Louis Zamperini foi um atleta olímpico que acabou
escalado para a Segunda Guerra Mundial. Após a queda de um avião em pleno alto-mar, ele e mais dois companheiros ficaram à deriva por 47 dias. Para sua infeliz sorte, eles foram encontrados pelos soldados japoneses e a partir de então tornaram-se prisioneiros de guerra. O Louis, imaginado por Angelina e seus produtores, assemelha-se a Jesus Cristo em seu
calvário, isso fica nítido da segunda parte do filme em diante quando
o personagem é preso e torturado. Em terras nipônicas, Zamperini é surrado
ostensivamente e é obrigado a trabalhar a contragosto numa mina de carvão,
carregando volumosos baldes nas costas como um Cristo que carrega a
sua cruz. O prisioneiro sofre toda uma série de violências que vão
desde humilhações públicas - quando, debilitado fisicamente, é obrigado a correr
como um atleta olímpico tornando-se alvo das gargalhadas dos soldados
japoneses - até ataques físicos deflagrados por seu algoz com requintes de
masoquismo. A analogia com Cristo fica ainda mais explícita quando em momento
derradeiro da projeção, o protagonista precisa levantar uma onerosa viga de
madeira acima da cabeça. Num teste de resistência, ele precisa se manter assim
por um longo tempo sob às ordens do oficial/vilão Watanabe, interpretado de forma canhestra pelo ator Miyavi. A cena revela o rosto
sujo e extenuado do personagem iluminado pelo sol e, se nos atermos à sombra
que se forma no chão, poderemos vislumbrar, por breves segundos, uma imagem análoga à uma cruz, formada da junção do corpo do homem com o pedaço de madeira. Louis é
um homem crucificado pela guerra, sua jornada de vida foi de provação e a semelhança com a via crucis de Jesus Cristo não foi mera coincidência. Não é à toa, que essa cena foi utilizada como foto para estampar um dos pôsteres
de divulgação da produção. A essência cristã permeia grande parte do filme.

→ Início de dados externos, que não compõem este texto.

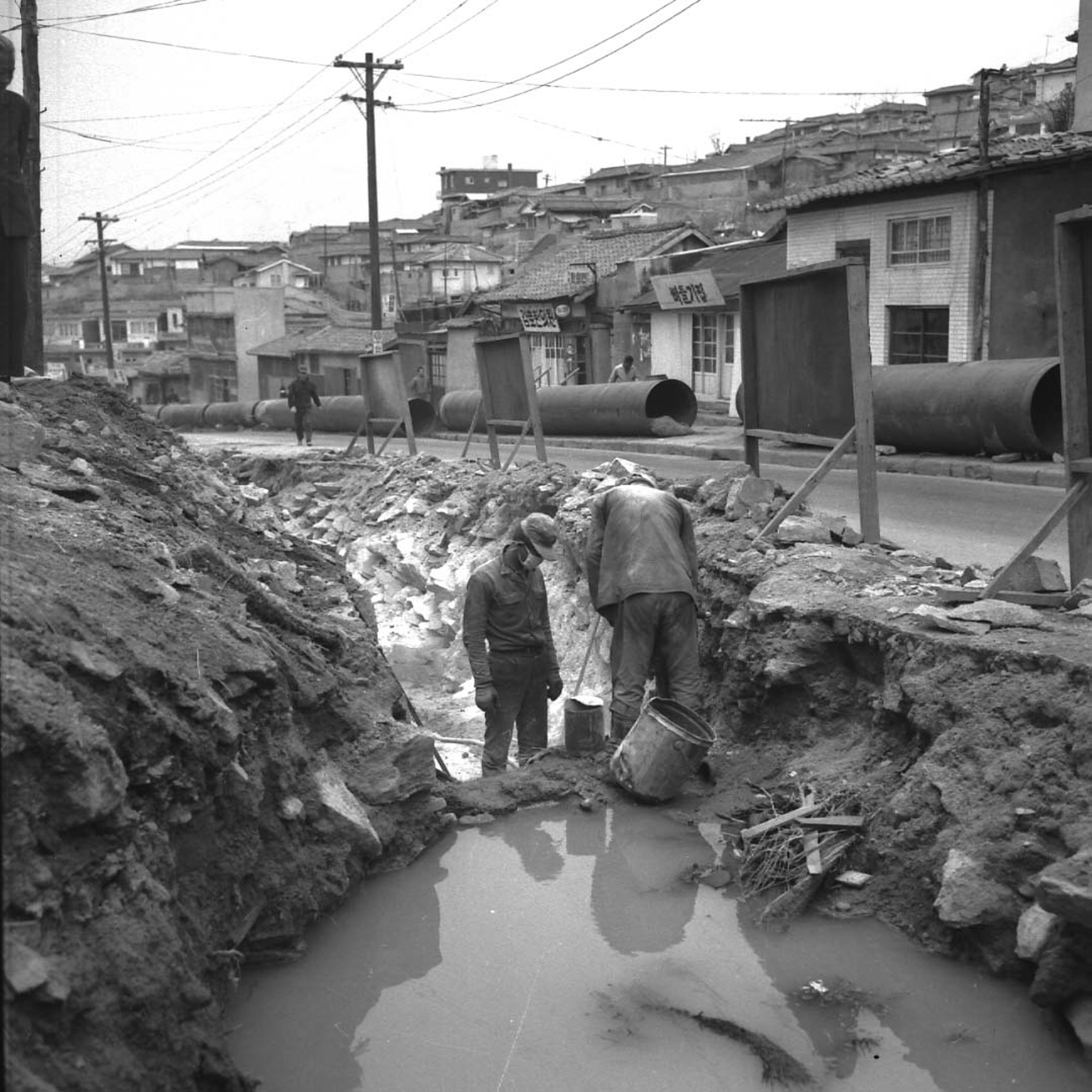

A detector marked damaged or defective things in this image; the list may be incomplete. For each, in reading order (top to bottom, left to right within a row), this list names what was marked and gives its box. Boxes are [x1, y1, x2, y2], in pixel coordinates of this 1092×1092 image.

broken concrete chunk [948, 598, 1048, 633]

Esse viés religioso surge entrelaçado à temática da esperança, da superação e da sobrevivência, temas caros aos norteamericanos. Isso não seria um problema, se Angelina Jolie não investisse em um
sentimentalismo barato e lacrimoso e em diálogos de autoajuda que não deixariam
nada a desejar aos livros de Augusto Cury. Frases como “Você pode fazer isso,
basta acreditar”, muito me lembrou o “Querer é poder” da 'nossa' rainha dos
baixinhos. Jolie emula um pouco de Steven Spilberg (quando o cineasta
realiza dramas) e Clint Eastwood, mas ainda não possui a criatividade pop do
primeiro e a elegância e bom senso do segundo. As cenas de tortura são excessivas e desnecessárias. É difícil imaginar que alguém tão violentamente espancando no rosto, por tantas vezes, não fique com nenhuma deformação posterior; Mas isso é esquecido pela produção do filme. Se você não for um fã ardoroso
da atriz, perceberá que Invencível é
um filme falho que apela o tempo todo para as emoções mais superficiais da
plateia.
Apesar de seus problemas, o filme tem seus méritos. Belas cenas estampam diversas passagens do longa-metragem. A fotografia de Roger Deakins (indicada ao Oscar 2015) nos ajuda a acompanhar a narrativa com maior interesse e deleite, se é que isso é possível diante de tantas cenas cruéis. É um trabalho esforçado, não há como negar. E ninguém
poderá acusar Angelina Jolie de comodismo. Estrela da mais alta patente
hollywoodiana, ela poderia se contentar com os milhões que recebe por encarnar
heroínas de filmes de ação, mas preferiu se arriscar, ao longo de sua carreira,
em produções menores, papéis ousados e, agora, se arrisca na direção de seus
próprios filmes. A famosa atriz recebeu apoio de todos os lados para que Invencível se tornasse uma grande obra.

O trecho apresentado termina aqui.